And encourages pedophile priests!
Eli |
Homepage |
07.16.05 - 8:01 pm | #
The end of Bush will remind us of the scene in Fargo when they nab William H. Macy in the motel squealing like a pig in his underwear.
I'm hoping for a Jim Baker type whimpering meltdown.
bo |
07.16.05 - 8:01 pm | #
If Miller is in jail its because she is defending Cheney or someone in his office. I doubt this investigation is only about Rove. Miller worked as a press agent for Cheney so she is likely hiding something for the Office of Special Plans.
Bluto W Bush
I'm dying to find out what her role is in this whole mess. She must be very involved to go to jail, instead of testifying. Who is she covering for??
portia |
07.16.05 - 8:01 pm | #
Don't know if this has been mentioned, but the new Harry Potter starts bashing Bush on the first page. Calls him "a wretched man." Then someone pops out of Tony Blair's fireplace.
John Gillnitz |
Homepage |
07.16.05 - 8:02 pm | #
Are we to assume that urban liberalism rejects competition, accountability and hard work.
Miller's source on Plame is the same one she had for all the other bullshit: Chalabi.
The only way this whole thing could get any worse for Bushco would be if they outed a CIA operative to a guy now suspected (though still on the US payroll) of spying for the Iranians - who then passed on the word, as Rove intended.
Ok, so it's not likely. I just like imagining how much worse it could be for them.
Jennifer |
Homepage |
07.16.05 - 8:03 pm | #
A registered Independent, IIRC.
Central Scrutinizer | Email | 07.16.05 - 7:52 pm | #
Thanks for the correct -- but it was reported that he was a republican when this all started.
I did not look into it closely myself, I have to respect the way it is working out so far, but many thought that chimpy was toast when the real story of his guard came out too.
Instead, they just turned it around and made him out to be the "victim."
Chimpy has never been successful at anything -- including his presidential campagnes, but friends of the family's war-machine made sure that they "pulled him through"
Anonymous |
07.16.05 - 8:03 pm | #
Then again, a lot of liberals (Hillary Clinton, John Kerry) did enable a terrorist (George Bush) by giving him the go ahead to stick his flypaper in Iraq.
So maybe it does.........
SWR |
07.16.05 - 8:04 pm | #
Ok, I admit it.
Miller has been covering for me.
wŇÓ† |
07.16.05 - 8:04 pm | #
Chimpy has never been successful at anything -- including his presidential campagnes, but friends of the family's war-machine made sure that they "pulled him through"
He's living proof that actual success is nowhere near as important as the *appearance* of success.
Eli |
Homepage |
07.16.05 - 8:04 pm | #
Giuliani didn't just take on urban liberalism, he offered a set of reforms that emphasized competition, accountability, hard work and upward mobility.
Hahahahahaha.

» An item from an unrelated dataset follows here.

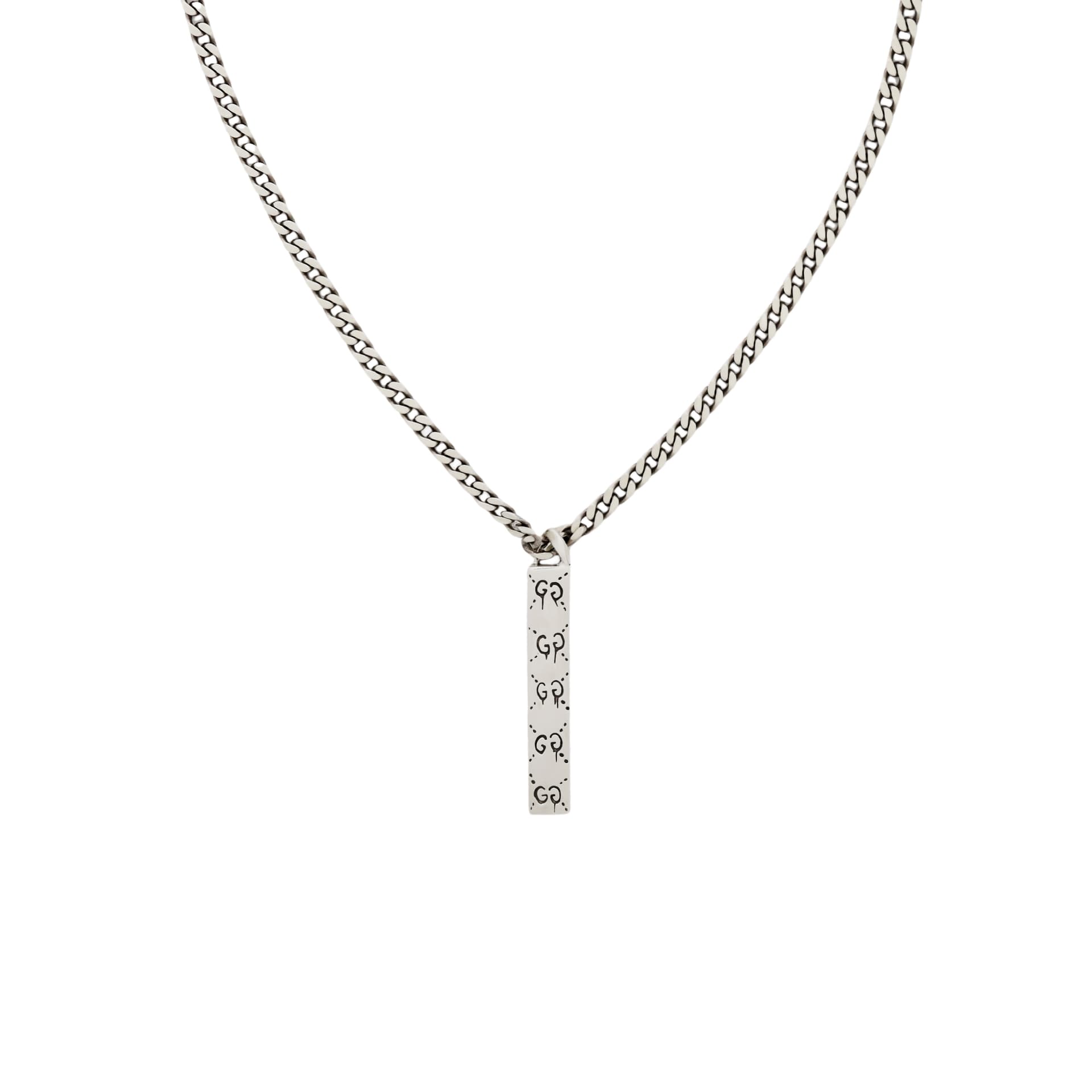 Ожерелье GUCCI Ghost - изображение 1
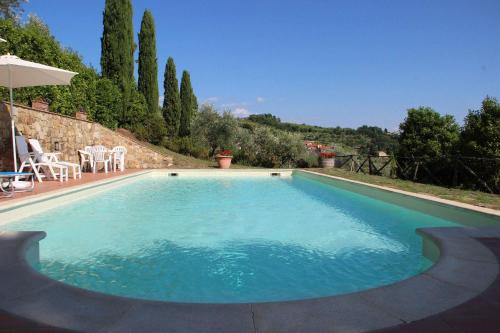Panzano in Chianti Villa | Villa Amaranto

Epitomized by the fine, upstanding, hard working Bernie Kerik. Such great pals and bibnez buds.
bigvic |
07.16.05 - 8:05 pm | #
I'm hoping for a Jim Baker type whimpering meltdown.
That's what I'm visualizing.
Besides the death and destruction, they're not too different.
Fucking con men.
Central Scrutinizer |
07.16.05 - 8:05 pm | #
Giuliani didn't just take on urban liberalism, he offered a set of reforms that emphasized competition, accountability, hard work and upward mobility.
Exactly right Billmon. I was never conflicted about this situation. It's as if Woodward and Bernstein were part of the cover up. Miller and Cooper aren't journalists, they're tools.
nsr |
07.16.05 - 8:08 pm | #
He's the ultimate archetypal example of the principle of "failing upwards" or "rising to the level of one's own incompetence."
On second thought, he surpassed his level of incompetence some 35 years or so ago.
Jennifer |
Homepage |
07.16.05 - 8:08 pm | #
Chalabi.
The only way this whole thing could get any worse for Bushco would be if they outed a CIA operative to a guy now suspected (though still on the US payroll) of spying for the Iranians - who then passed on the word, as Rove intended.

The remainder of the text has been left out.